Since, by definition, every record is "before" (or at the same time as) the latest post, this essentially means the total count per combination (ignoring the assumed off-by-one error in the sentence).
So this burns down to a simple GROUP BY
:
SELECT cicd9, cdesc
, max(posted) AS last_posted
, count(*) AS ct
FROM dx
WHERE groupid = 'XXX'
GROUP BY 1, 2
ORDER BY 1, 2;
Which does exactly the same as the currently accepted answer. Just a lot faster and simpler.
Upvotes: 0
Reputation: 32199
How about this:
SELECT DISTINCT ON (cicd9, cdesc) cicd9, cdesc,
max(posted) OVER w AS last_post,
count(*) OVER w AS num_posts
FROM dx
WHERE groupid = 'XXX'
WINDOW w AS (
PARTITION BY cicd9, cdesc
RANGE BETWEEN UNBOUNDED PRECEDING AND UNBOUNDED FOLLOWING
);
Given the lack of PG version, table definition, data and desired output this is just shooting from the hip, but the principle should work: Make a partition on the two columns where groupid = 'XXX'
, then find the maximum value of the posted
column and the total number of rows in the window frame (hence the RANGE...

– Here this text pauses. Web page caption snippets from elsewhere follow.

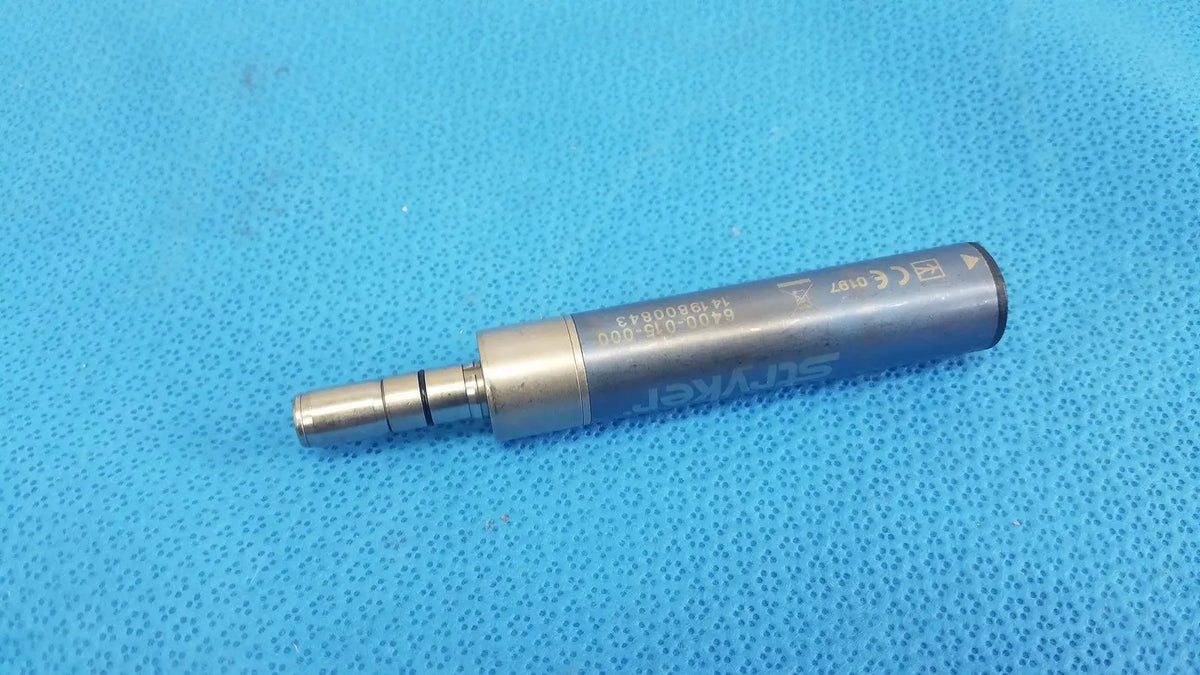 Silver-colored metallic stryker remb electric micro drill handpiece with engraved markings and cylindrical body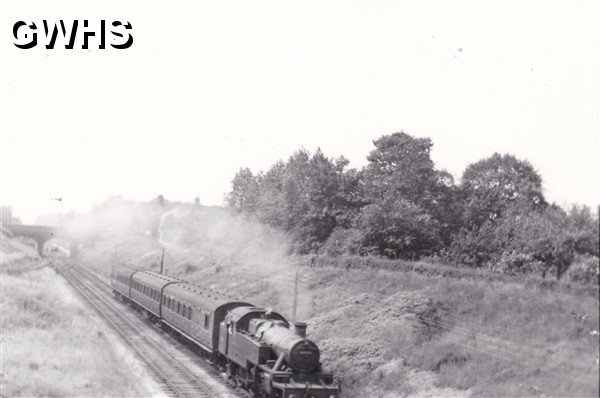 7-167 class 2P 4-4-0 Fowler locomotive 40447 leaving Wigston Glen Parva Station on it's way to Leicester 1957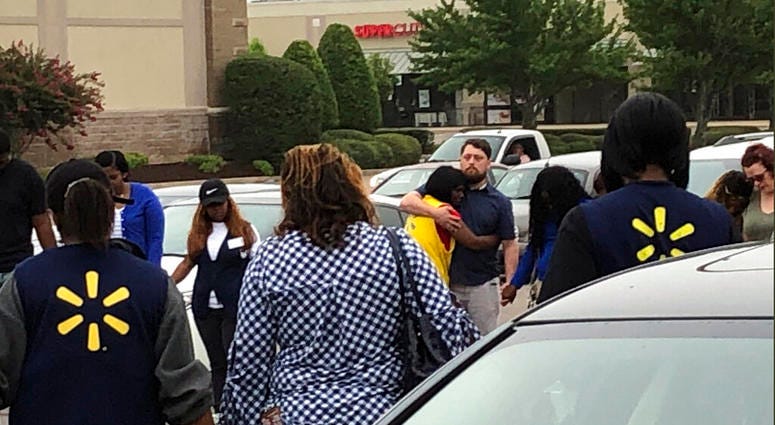In this image provided by WREG-TV, Walmart employees join in a prayer circle outside the store Tuesday, July 30, 2019, in Southaven, Miss. DeSoto County Sheriff Bill Rasco says one person is dead and a suspect was shot.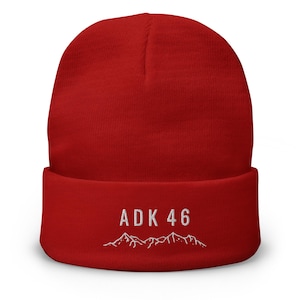May include: Red knit beanie with a white embroidered mountain range and the text "ADK 46".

clause in the window definition).
Upvotes: 1
Reputation: 5384
This was the best I could come up with -- better suggestions are welcome!
This will produce the results I need, with the understanding that count will always be at least 1 (from the join):
SELECT dx.cicd9, dx.cdesc, max(dx.tposted), count(*)
from dx
join (
SELECT cicd9, cdesc, max(tposted) as tposted from dx where groupid = 'XXX'
group by cicd9, cdesc) h
on
(dx.cicd9 = h.cicd9 and dx.cdesc = h.cdesc and dx.tposted <= h.tposted
and dx.groupid = 'XXX')
group by dx.cicd9, dx.cdesc
order by dx.cdesc;
or
WITH H AS (
SELECT cicd9, cdesc, max(tposted) as tposted from dx where groupid = 'XXX'
group by cicd9, cdesc)
SELECT dx.cicd9, dx.cdesc, max(dx.tposted), count(*)
from dx, H
where dx.cicd9 = h.cicd9 and dx.cdesc = h.cdesc and dx.tposted <= h.tposted
and dx.groupid = 'XXX'
group by dx.cicd9, dx.cdesc
order by cdesc;
Upvotes: 0
Reputation: 1269693
Do you just want a cumulative count?
select t.*,
count(*) over (partition by col1, col2 order by posted) as cnt
from table t
where groupid = 'xxx';
Upvotes: 0